Ready, Player One.
I’ve been married to my best friend for nearly 20 years. I’m not saying this to be saccharine, but to emphasize the point that we are comfortable around each other to a fault… We get each other’s jokes and have learned each other’s flaws (not always pretty, I’ll admit), and we enjoy the occasional “date night.”
However, the person I’m with has become so familiar, I wonder what would happen if we took a step back and looked at each other for the first time. Would I be happy with what I see? More importantly, would he? I know I’m a compatible wife, mom, and friend, but would I still make for a good date? After all, I am a colossal, yet fun, nerd.
To test my “dating prowess” I recently looked over The Geek’s Guide to Dating (Quirk Books) by Eric Smith, to ready myself to get back on the hypothetical horse… or Stormtrooper Speederbike, as it were.
First, I have to find out what type of “geek” I am: Book Geek? Gamer? Movie Geek? It looks like many of us are a combination of these. I know I am.

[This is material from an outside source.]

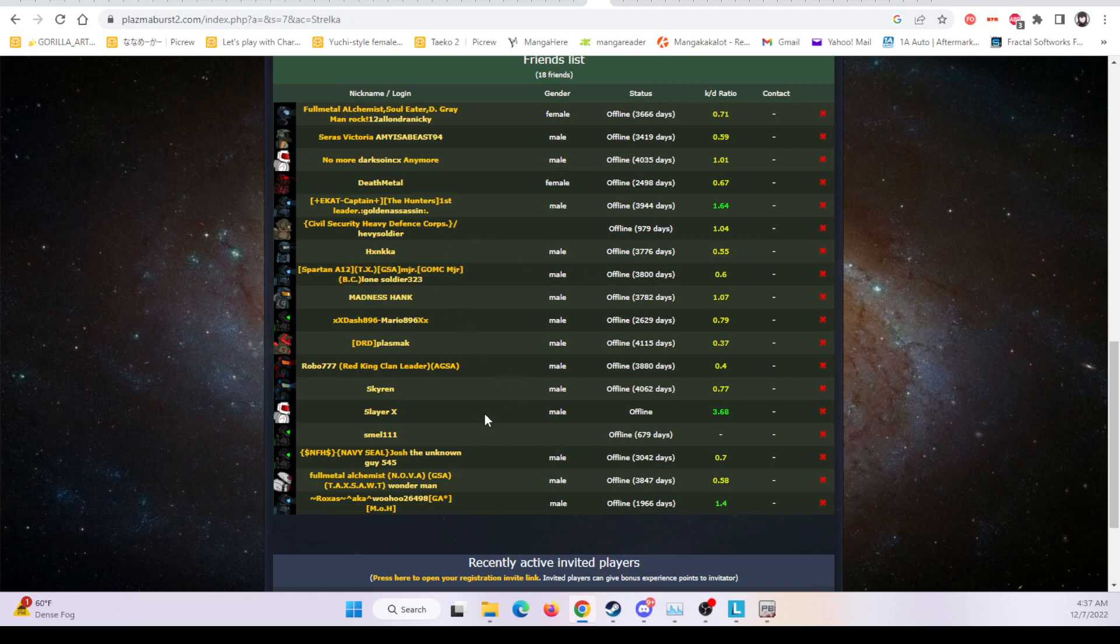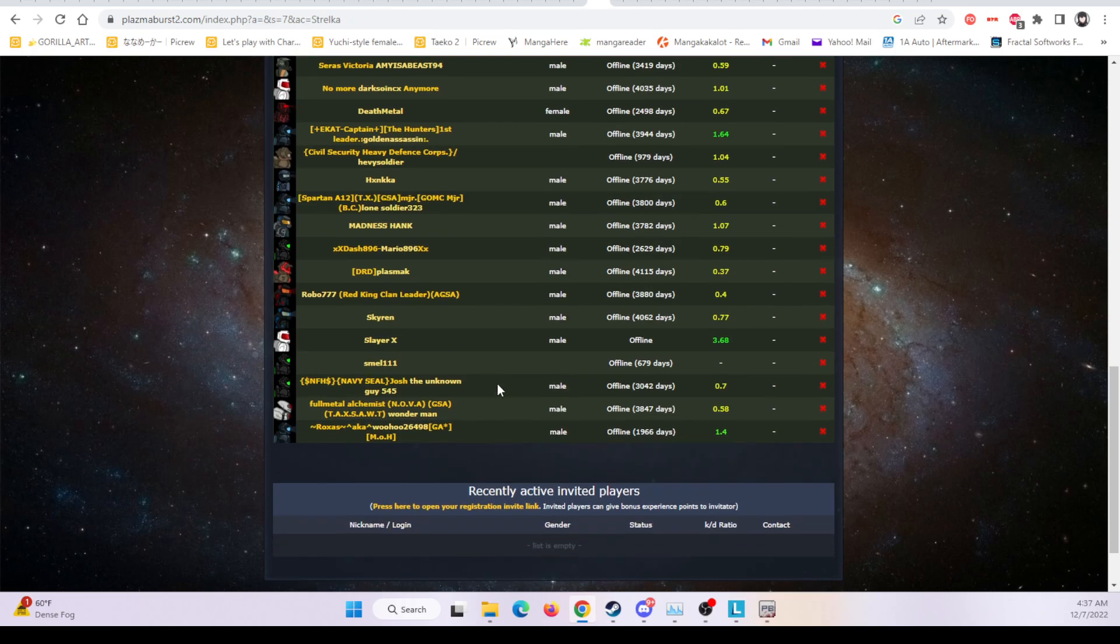Oh my god, I don't even know any of these people. They used to be my Plasma Burst multiplayer friends. I don't even know who any of these people are anymore. Holy crap!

Next, where should I go to meet geeks and non-geeks. Smith offers suggestions. Arcade? No seems kind of predatory and gross. Online? Uh, definitely not me. Bookstore? Bingo! This one is still where my husband and I like to visit on both family and date nights. One of the sexiest smells to me is books and Earl Grey, but I’ve said too much.

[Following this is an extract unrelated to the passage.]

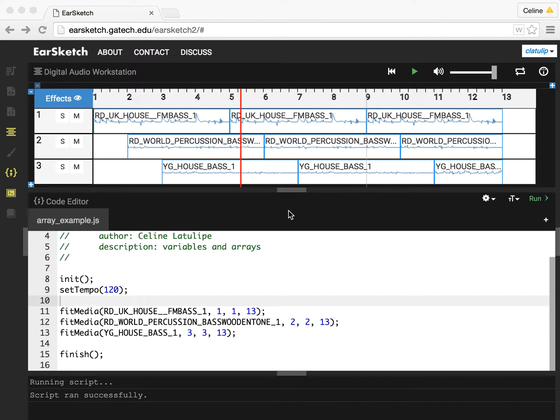I'm Celine LaTulip, and today I'm going to talk to you about using variables and arrays in EarSketch.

Smith goes on in later chapters to discuss approaching someone for a date and preparing for the date (apparently ladies like a man in red, but I can’t say I’ve ever found Santa Claus or Waldo attractive). His dark jeans with a blazer idea… go for it, boys!
There’s talk about the date itself, of course, followed by where to go from there, should said date go well, but I won’t share too much yet. As River Song would say… “Spoilers!” I will cede he has some very fun suggestions all couples would enjoy, and some I’ve actually done (see: “The At-Home Mini Film Festival”).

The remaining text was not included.